Proiezioni di film su schermi LED a grande scala in spazi pubblici — fermate, facciate, piazze. Strumento di marketing e nuovo luogo per esperienza cinematografica.
Display LED di grandi dimensioni nello spazio pubblico mostrano trailer di film, scene di film o cortometraggi completi — alle fermate dell'autobus, sulle facciate degli edifici, nei centri commerciali, nelle piazze. Questo è da tempo più di un semplice cartellone pubblicitario. Chi lo fa nel modo giusto crea un luogo di sosta dove le persone si fermano volontariamente e guardano, non per obbligo, ma perché la qualità dell'immagine e il suono sono convincenti.

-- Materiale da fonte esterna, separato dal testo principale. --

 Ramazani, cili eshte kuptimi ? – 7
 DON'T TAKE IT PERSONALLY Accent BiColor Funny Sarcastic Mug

In pratica funziona così: il distributore o il produttore affitta spazi display in zone ad alto traffico, li riempie con contenuti curati — solitamente da 15 a 90 secondi, ma a volte anche scene più lunghe. Il vantaggio rispetto ai classici poster cinematografici risiede nella forza del movimento. Un trailer su una parete LED di 8×4 metri in Friedrichstraße a Berlino attira sguardi che un poster statico non raggiungerebbe mai. L'impianto audio fa la differenza: il basso deve essere giusto, altrimenti sembra economico. Lavoriamo con formati immagine standardizzati — per lo più 16:9, a volte anche quadrato per il repurposing sui social media. La dimensione del file e i requisiti di codifica variano a seconda dell'hardware del gestore, quindi un coordinamento con la tecnica è essenziale prima dell'avvio della trasmissione.

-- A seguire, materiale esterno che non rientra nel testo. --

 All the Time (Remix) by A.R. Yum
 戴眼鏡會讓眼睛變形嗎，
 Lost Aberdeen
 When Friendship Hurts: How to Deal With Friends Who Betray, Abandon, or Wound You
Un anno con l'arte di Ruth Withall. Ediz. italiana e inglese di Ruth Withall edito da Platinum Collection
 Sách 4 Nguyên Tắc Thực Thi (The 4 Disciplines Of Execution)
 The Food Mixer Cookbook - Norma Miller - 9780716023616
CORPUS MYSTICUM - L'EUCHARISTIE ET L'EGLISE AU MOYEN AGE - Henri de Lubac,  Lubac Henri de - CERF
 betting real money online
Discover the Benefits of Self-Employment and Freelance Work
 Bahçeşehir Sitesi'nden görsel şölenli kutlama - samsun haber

Dove diventa interessante: i dati in tempo reale. Alcune reti possono elaborare dati relativi all'ora del giorno, al meteo o persino comportamentali e adattare dinamicamente i contenuti. Il venerdì alle 18:00 viene mostrato il teaser horror, la domenica mattina piuttosto la sequenza adatta alle famiglie. Geniale per il marketing cinematografico — diventa una piattaforma di targeting senza interazione attiva dell'utente.
La sfida rimane la situazione di concorrenza con altri stimoli. Una fermata dell'autobus non è un cinema. I pedoni scorrono mentalmente oltre, ignorano. Pertanto, il primo fotogramma deve catturare l'attenzione entro 0,5 secondi. Il montaggio, il colore, il suono devono essere aggressivi — non invadenti, ma presenti. A differenza del classico trailer cinematografico, che ha 90 secondi per scaldarsi, qui deve succedere qualcosa immediatamente.

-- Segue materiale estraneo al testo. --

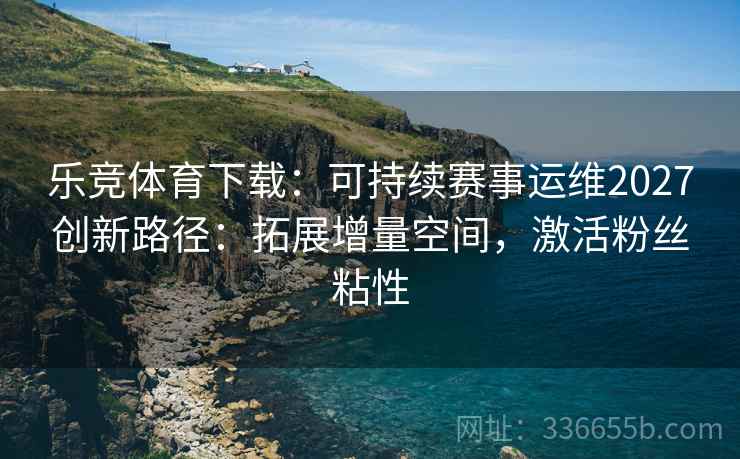 乐竞体育下载：可持续赛事运维2027创新路径：拓展增量空间，激活粉丝粘性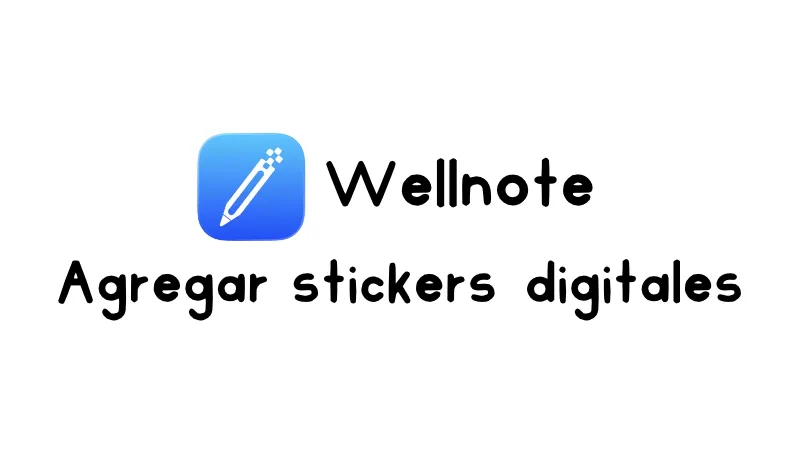 Cómo agregar stickers digitales en Wellnote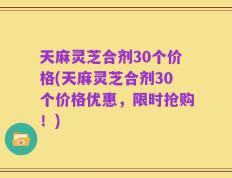 天麻灵芝合剂30个价格(天麻灵芝合剂30个价格优惠，限时抢购！)
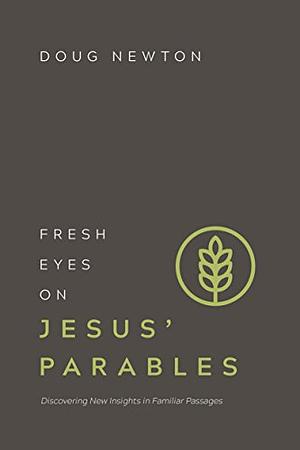 Fresh Eyes on Jesus' Parables: Discovering New Insights in Familiar Passages by Doug Newton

La misurabilità è un altro punto a favore: telecamere eye-tracking registrano la durata dello sguardo, le heatmap demografiche mostrano la densità del pubblico. Ciò consente di trarre conclusioni sull'efficacia della campagna, cosa che la pubblicità classica con poster non offre mai. Non ogni studio cinematografico utilizza questi dati, ma quelli più grandi lo fanno — soprattutto per i lanci di blockbuster. I Digital Urban Screenings sono il cardine tra la strada e lo schermo, tra la pubblicità e l'esperienza.